■ THE DATA ■
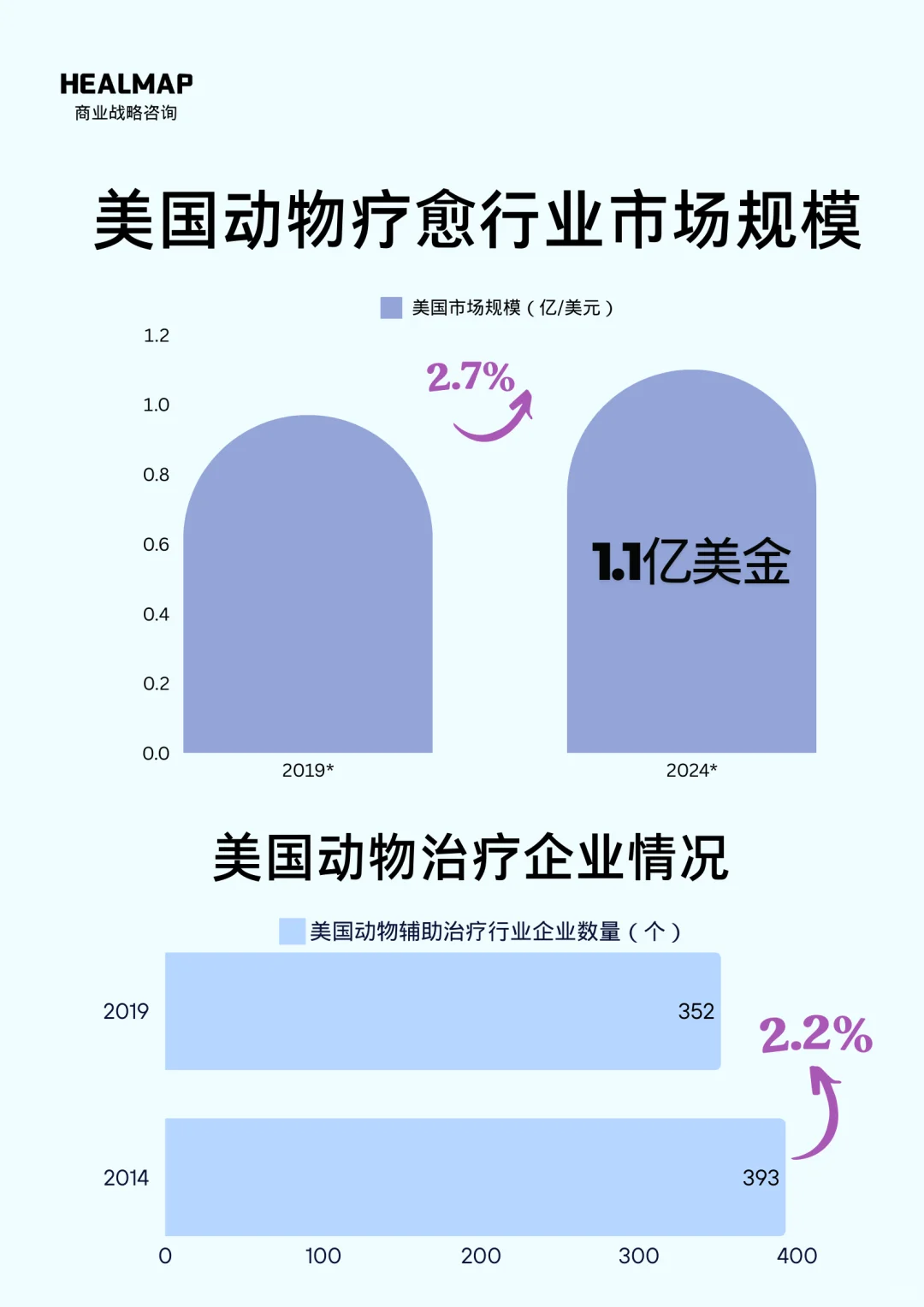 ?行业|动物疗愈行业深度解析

* * *

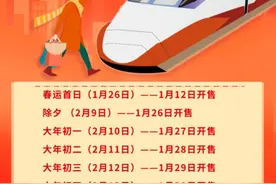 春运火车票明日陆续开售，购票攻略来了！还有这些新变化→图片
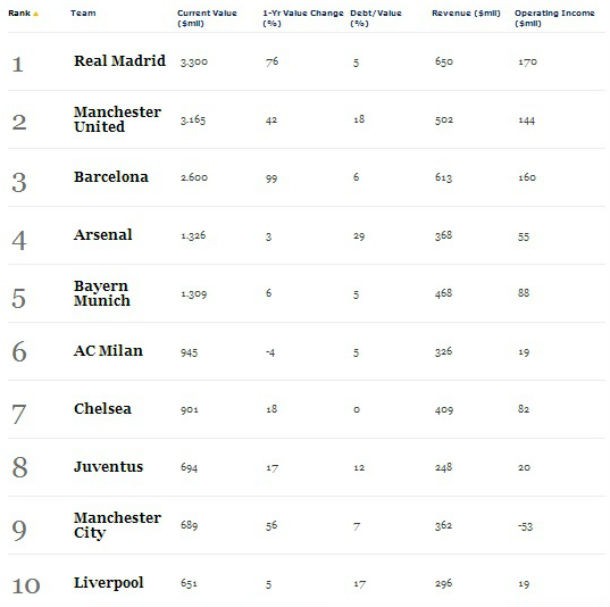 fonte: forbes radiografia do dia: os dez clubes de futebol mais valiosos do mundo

■ THE TASK ■
Give again the stretch of lines above from the one with "春运火车票明日陆续开售，购票攻略来了！还有这些新变化→图片" through the one with "fonte: forbes radiografia", both ends kept, and copy no pictures.

■ RESULT OF THIS EXERCISE ■
 春运火车票明日陆续开售，购票攻略来了！还有这些新变化→图片
 fonte: forbes radiografia do dia: os dez clubes de futebol mais valiosos do mundo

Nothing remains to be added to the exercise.